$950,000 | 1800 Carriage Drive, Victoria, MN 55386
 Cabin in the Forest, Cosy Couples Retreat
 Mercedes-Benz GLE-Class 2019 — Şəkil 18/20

_AIM OF THE EXERCISE_
Copy out the full listing so that each line matches exactly.

_RESPONSE AREA_
$950,000 | 1800 Carriage Drive, Victoria, MN 55386
 Cabin in the Forest, Cosy Couples Retreat
 Mercedes-Benz GLE-Class 2019 — Şəkil 18/20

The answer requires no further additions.